Wampler pedals are primarily designed by Brian Wampler himself, and the design process can range from a few days to several years of development time on a breadboard. Once the breadboard design is finalized, the company generates prototypes that are distributed for testing before the design is finalized and produced.

Unlike similar boutique manufacturers such as JHS Pedals, Keeley Electronics, and EarthQuaker Devices, Wampler Pedals does not produce their pedals on-site at their company headquarters. Some of the company's first pedals were sold on eBay and produced in Wampler's garage before the company moved production to a factory in Kentucky owned by a friend of Wampler that also produced products for Warehouse Guitar Speakers. Presently, the company's pedals are manufactured and distributed by Boutique Amps Distribution in California, the same company behind other major brands such as Bogner, Friedman, Egnater, and Tone King. The move to Boutique Amps Distribution was cited as giving Wampler more time to focus on designing pedals and creating materials for the DIY community by offloading management and business concerns to the distributor.
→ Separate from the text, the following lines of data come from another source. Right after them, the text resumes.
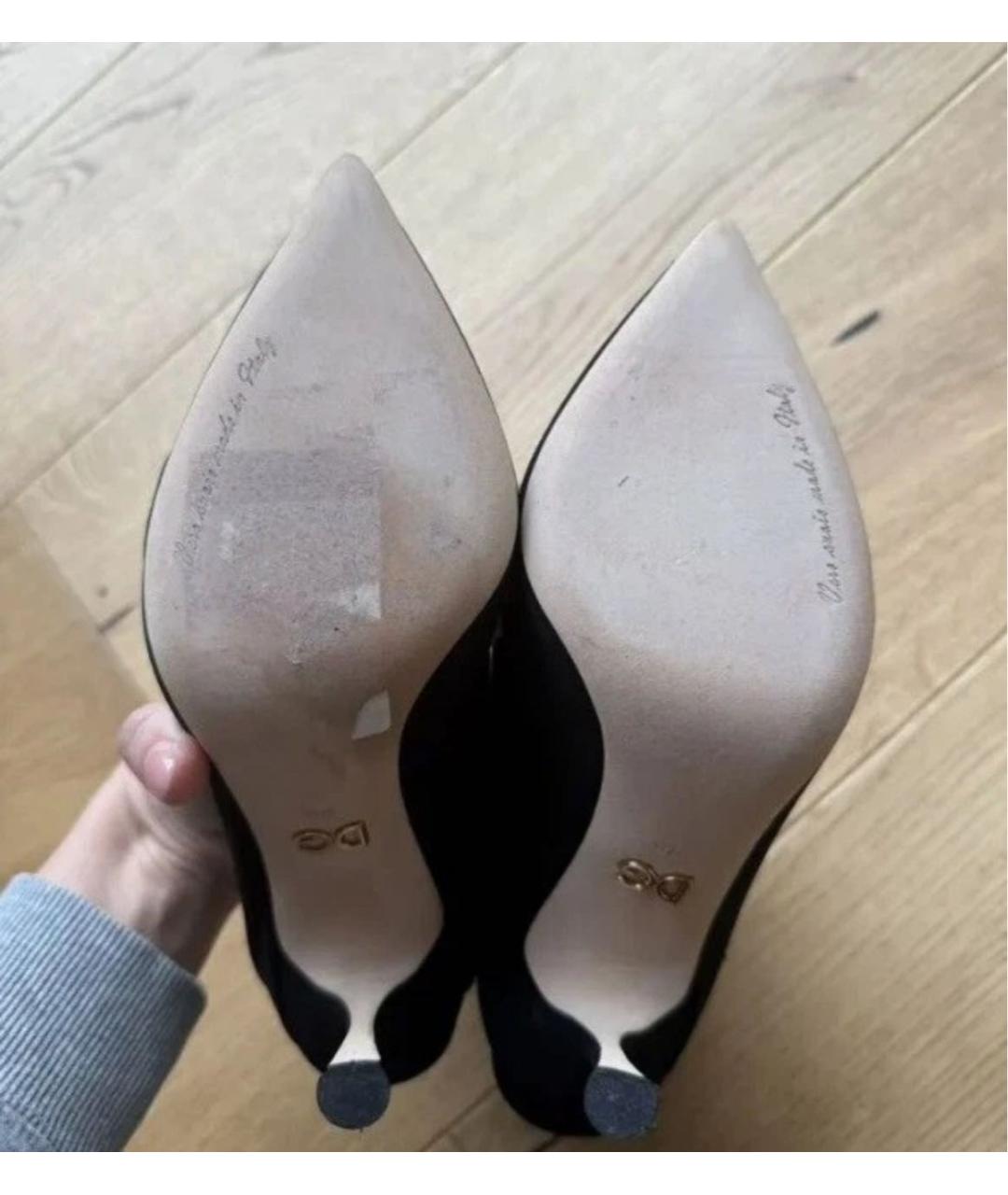 DOLCE&GABBANA Черные кожаные ботильоны, фото 5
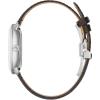 Bulova Men’s Frank Sinatra ‘The Best is Yet to Come’ 3-Hand Swiss Automatic Date Watch, 42-Hour Preserve, Sapphire Crystal(Brown Strap/Silver/ Gray Dial)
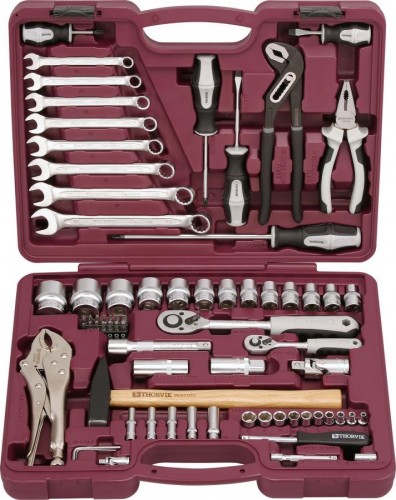 Набор инструментов THORVIK 1/4", 1/2"DR, 72 предмета универсальный 052059 - изображение 2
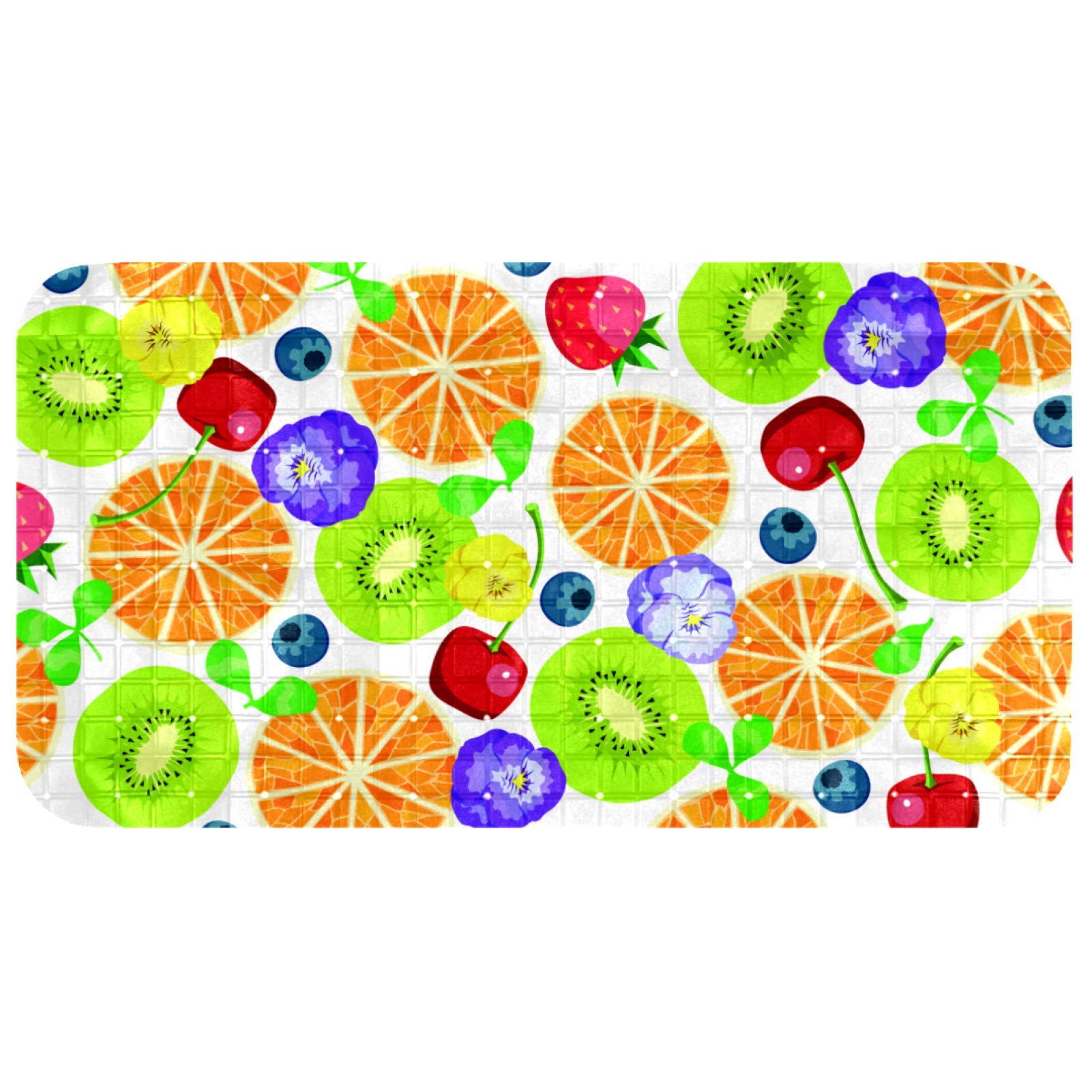 Tapis de baignoire antidérapant pour éviter les glissades au bain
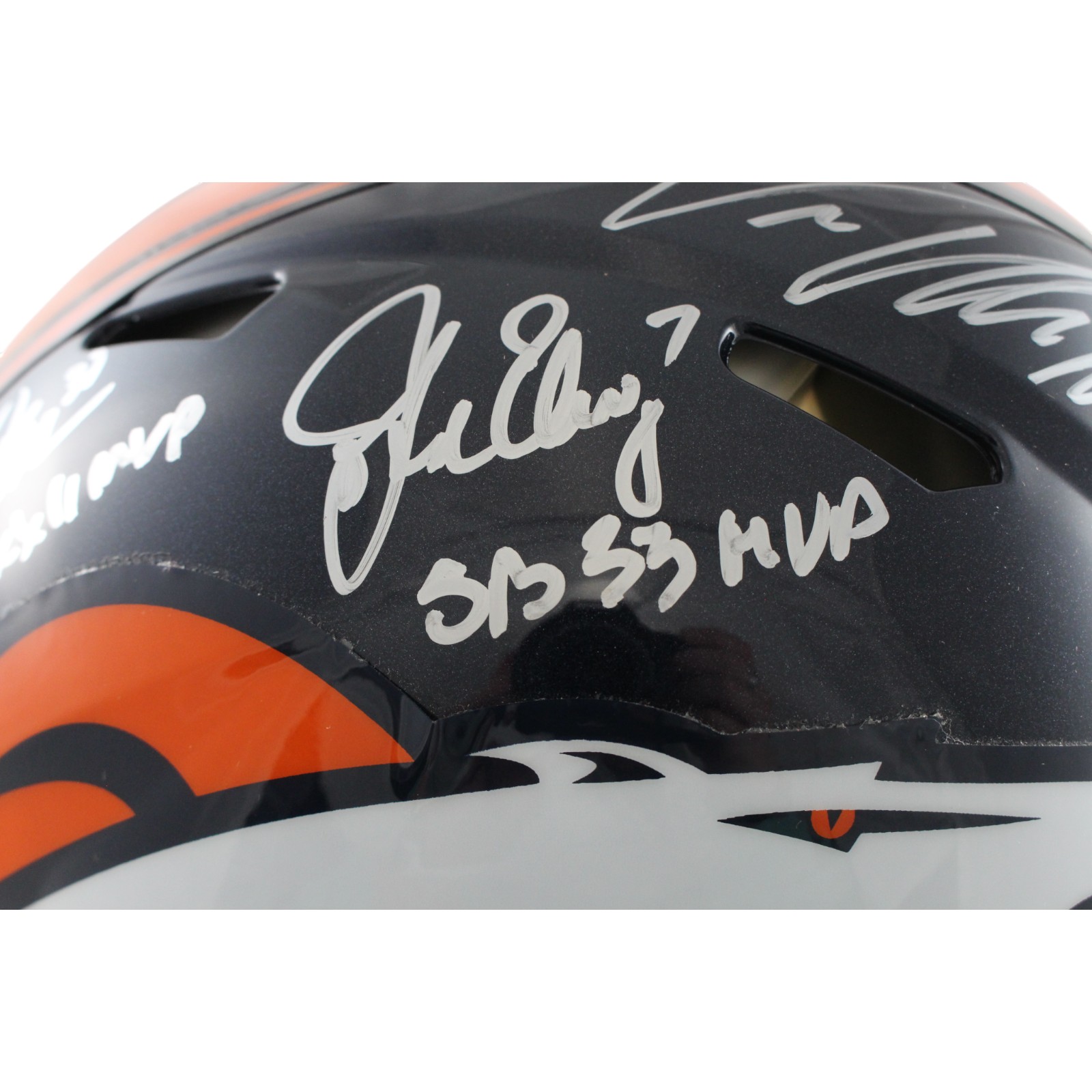 John Elway Terrell Davis Von Miller Signed Denver Broncos Helmet MVP BAS 54273 3 John Elway Terrell Davis Von Miller Signed Denver Broncos Helmet MVP BAS 54273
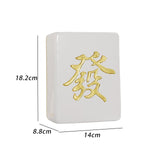 Maxbell Money Box Decor Mahjong Shape Piggy Bank for Girls Boys Nursery Bedroom Aureate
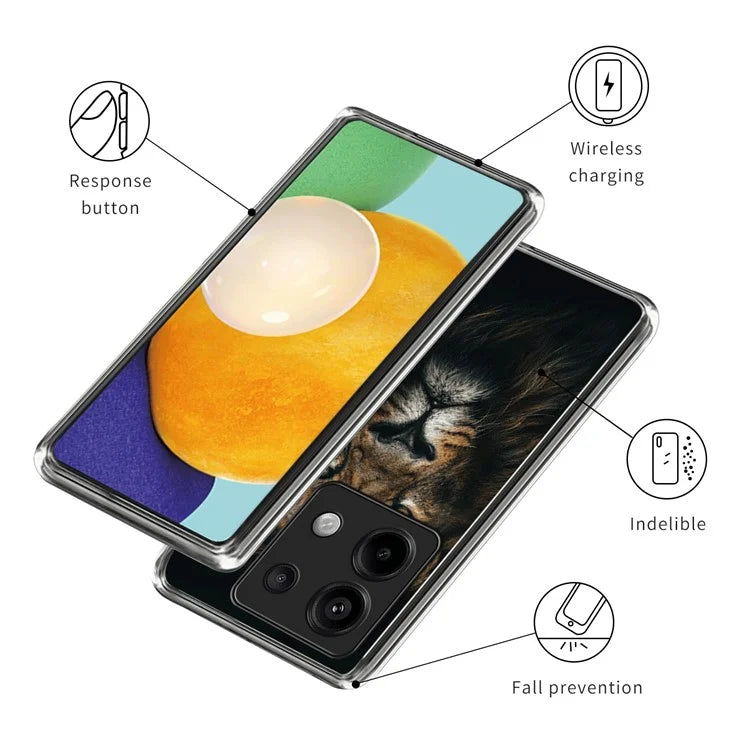 For Xiaomi Redmi Note 13 Pro 5G / Poco X6 5G Slim Case Pattern Printing Shockproof TPU Phone Cover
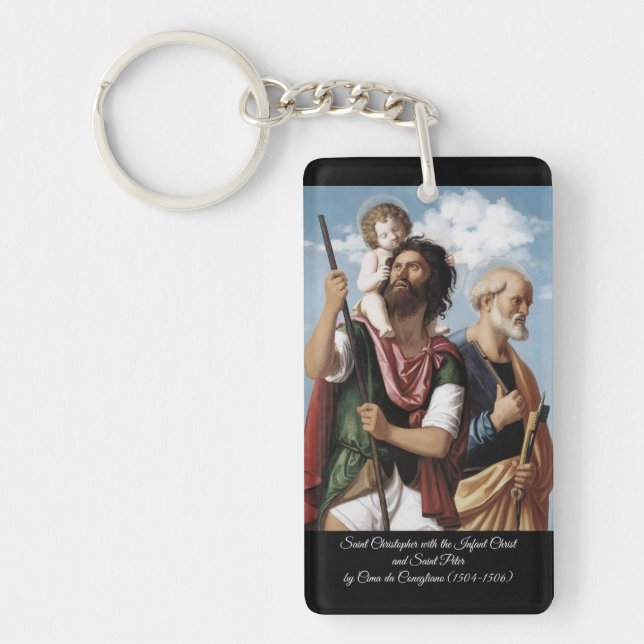 Porte-clefs Saint Christopher avec le Christ enfant (Devant)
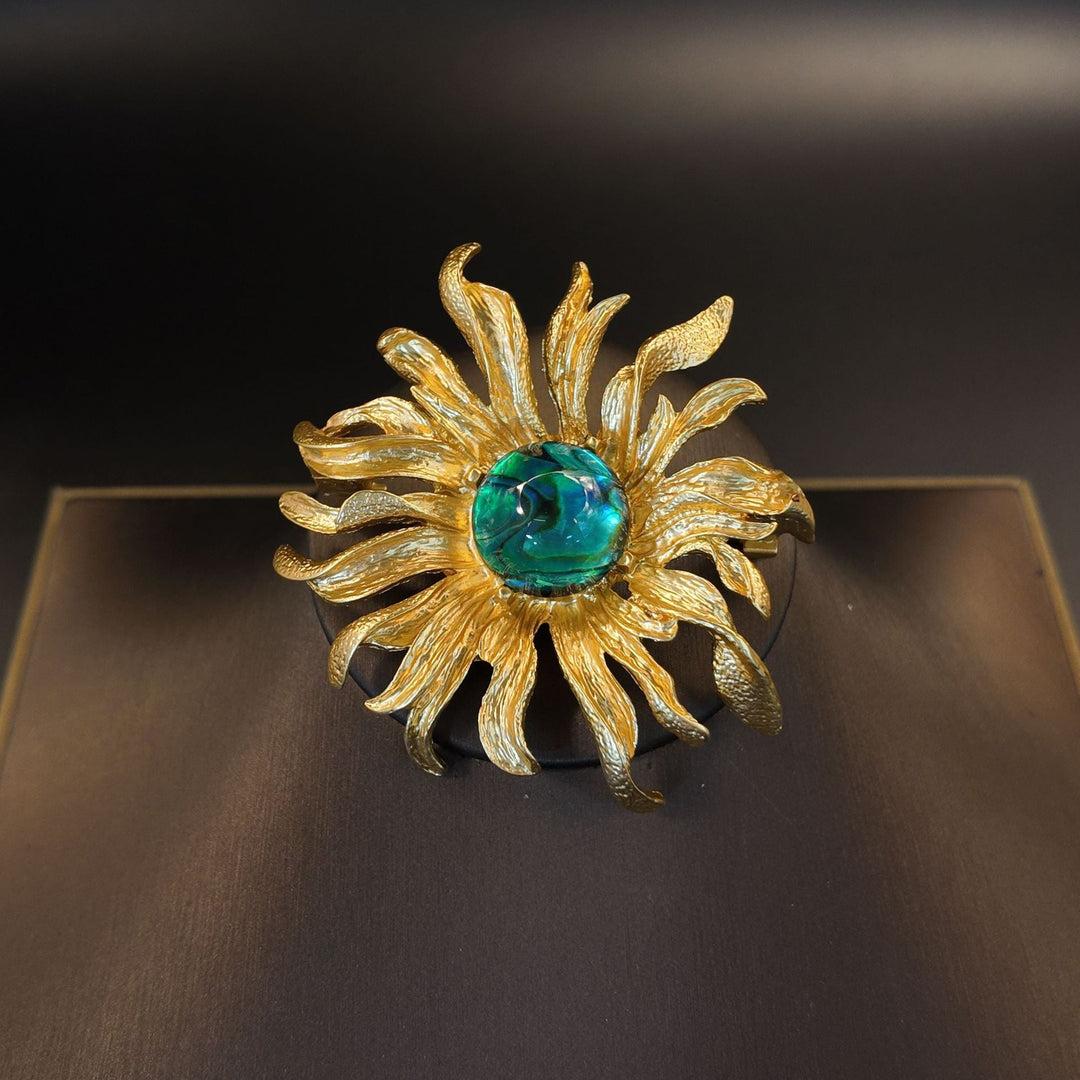 Azure Bloom Brooch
== Artist collaborations and associated artists ==
Wampler Pedals is known for a series of pedals they have created with various artists, starting with their collaboration with Brad Paisley. The Paisley collaboration began when Wampler threw a modified pedal onto the stage at a Brad Paisley concert and followed up with the artist's technician after the event. Wampler Pedals has developed three signature pedals for Paisley, including the Paisley Drive, the Paisley Drive Deluxe, and The Doctor (a pedal used to produce the album Wheelhouse).

In addition to Paisley, the company has worked with Brent Mason as well as Cory Wong, Andy Wood, and Tom Quayle for signature pedals. Wampler pedals have been used by John Fogerty, Keith Urban, and Lance Lopez.

== Notable products ==
Wampler has several notable products that have gained recognition in various ways. The Underdog, a limited run pedal created to raise money for a victim of breast cancer, gained exposure after it became a part of Brad Paisley's guitar rig. It was eventually incorporated into Wampler's Paisley Drive Deluxe.

The company also had to change the names of a small number of their pedals due to name conflict issues. These include:
- Euphoria (formerly the Ecstasy)
- Thirty Something (formerly known as the Ace Thirty)
- Tumnus (graphical changes after a request from the C.S. Lewis Foundation)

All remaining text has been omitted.